Don’t Miss Medicare Enrollment Deadlines!
Usually, my October column focuses on reminding you about Medicare Annual Enrollment Period (or AEP for short). However, COVID-19 has thrown a wrench into our “usual”. Because so many of our readers have been affected by furloughs and layoffs, we need to talk about three different kinds of Medicare enrollment periods.
Missing Medicare deadlines has always been expensive, and now is the time to do what you can to stay informed and act timely.
Initial Enrollment Period
The Initial Enrollment Period for Medicare spans the three months before, the month of, and the three months after your 65th birthday.
Those who are already receiving Social Security will receive their Medicare card automatically for Part A and Part B. Those who are not on Social Security need to sign up. Keep in mind that there could be a gap (ranging from one to three months) between the time you sign up during the initial enrollment period and the time your coverage starts.
Normally, an individual could walk into a local Social Security office for help with signing up for Medicare. At the time of this writing, all Social Security offices remain closed for walk-in visitors. The good news is that you can submit enrollment forms online, and phone lines are open for questions.
Remember that failing to sign up for Medicare on time can lead to stiff late-enrollment penalties that continue for life. Those who are still employed when they turn 65 can stay with employer-provided group coverage, but Cobra coverage does not qualify as a valid exception. So, if you are older than 65, have lost your job, and are currently using Cobra insurance coverage from your former employer, read on for Part B Special Enrollment Period below.
Part B Special Enrollment Period
What happens if you were working past age 65 and have stayed on your employer’s insurance up to this point, but have recently lost your job as the economy has ground to a standstill? Individuals in this situation can and should take advantage of what’s known as Part B Special Enrollment Period (SEP). Part B SEP is available to you for up to eight months after you lose coverage from employment.

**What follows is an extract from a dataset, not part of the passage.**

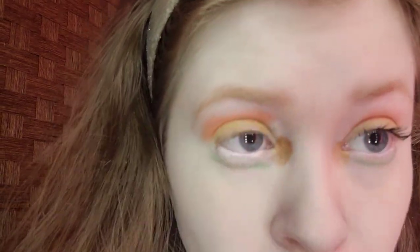I'm taking the shade Notting Hill, which is the bronze shimmer, for the inner corner. I'll apply mascara off camera and be right back.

Timing is really important here, so remember that you can have no more than eight consecutive months without coverage from either Medicare or insurance from current work. For many people, it makes sense to enroll in Medicare before they lose coverage from a current job because that strategy can help them avoid gaps in coverage. After all, we are not just worried about late-enrollment penalties. You may be responsible for any health care costs you incur in the months after losing job-based coverage before your Medicare coverage takes effect, and those bills can snowball quickly.
Annual Enrollment Period
Medicare Annual Enrollment Period begins on October 15, 2020 and runs through December 7, 2020. This is your time to make changes to Medicare Advantage and Medicare Part D coverage. An annual review of your options is the only way to ensure that your Medicare choices make financial sense for you and your family, so mark your calendar!
What does an annual review look like? Begin by researching Medicare Part D plans that are available to you. The main Medicare website (www.medicare.gov) is a good starting point, and the phone line at 1-800-MEDICARE can also be a great resource.
If you have a significant prescription load, you may look into potentially switching your pharmacy. Drug companies negotiate special discounts with certain pharmacy chains, and a bit of legwork can save you significant money over the course of the year.
Update your list of current medications and dig into prescription restrictions by plan (you will have to manually input each prescription into www.medicare.gov forms to get the details). Some plans may force you to try a less expensive generic version of a drug before being allowed to order a more expensive alternative. Others require your doctor to get plan authorization before being able to prescribe certain medicines. Make sure you understand these details, because they will make a real difference in your experience with the plan!
Finally, be sure to estimate and compare your overall annual cost of choosing one plan over another. The biggest mistake I see people make is picking a plan based on premium alone. Add up your estimated co-pays and look into what an emergency room or a hospitalization might cost you. Do this once, and you can save yourself significant money and trouble for the year!